Can we still find Muslim Cham in other countries besides Vietnam today?
The vast majority of Muslim Cham live in Cambodia, where they emigrated starting with the progressive destruction of the Champa kingdom at the hands of the Vietnamese. Many of these, in turn, emigrated during the Khmer Rouge period to Peninsular Malaysia (particularly to Kelantan), where they have formed a thriving and deeply religious community.
What about the destruction of material relics of their civilization in 20th-century Vietnam?
As you mentioned destruction by bombs, I would like to point out that destruction by American bombs were actually most prominent at My Son, as well as at Dong Duong.

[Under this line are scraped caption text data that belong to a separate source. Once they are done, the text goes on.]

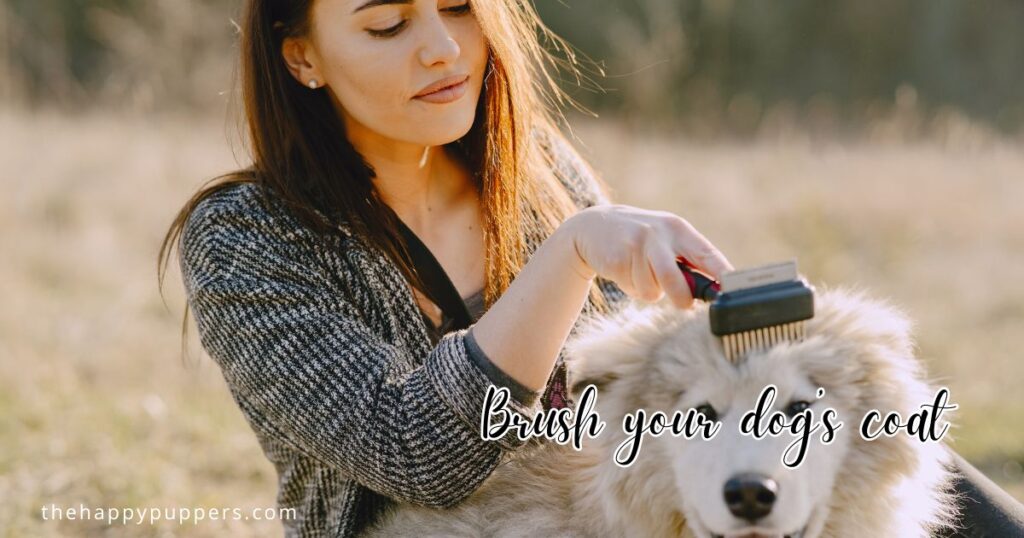 Brush your dog’s coat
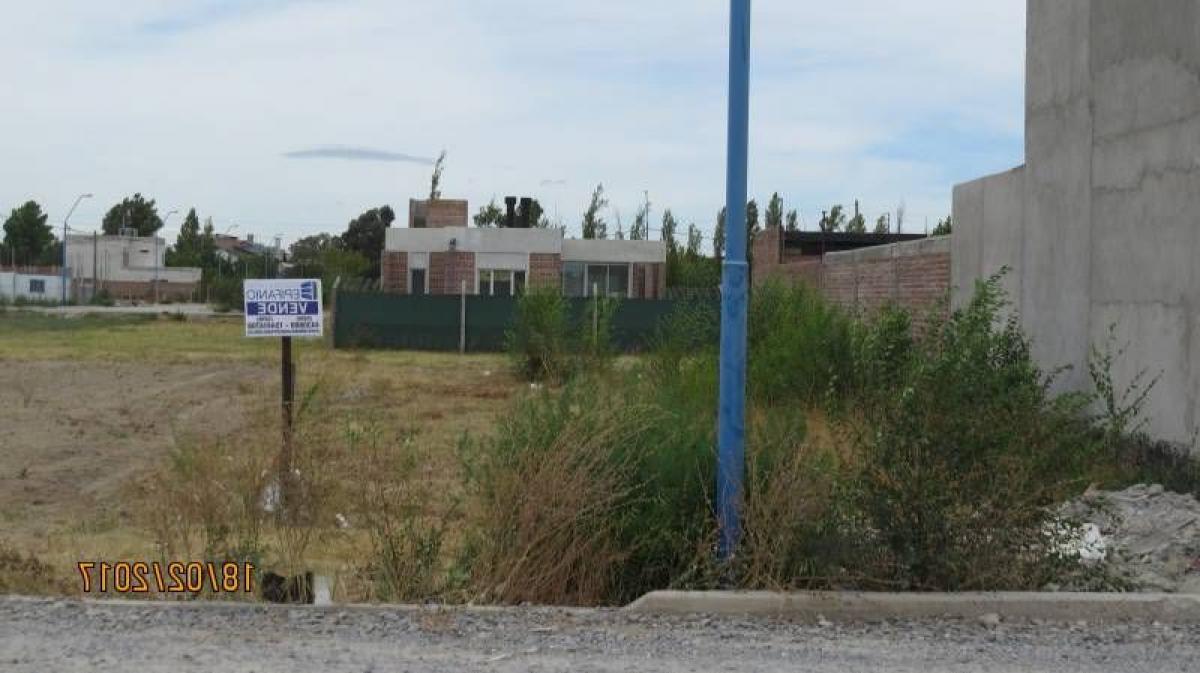  Land in Rio Negro, Argentina No. 40672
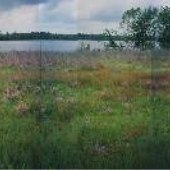 Cove - Varina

Another point that was puzzling in the catalog was the mention that red-brick constructions were primarily a Cham invention, What do you know about this fact pertaining to Indonesia?
Brick monuments are quite common in other parts of Southeast Asia, the more so in regions where suitable stones are not as readily available as in Java or Cambodia.
In Indonesia, for example, all temples at the large 6th- to 10th-century sites of Batutjaya and Cibuaya in West Java -- both Buddhist and Hindu monuments -- were made of bricks, as were most of those built in Sriwijayan times in Sumatra. Even in Central Java, many temples,-- most of them now vanished -- used bricks as building material.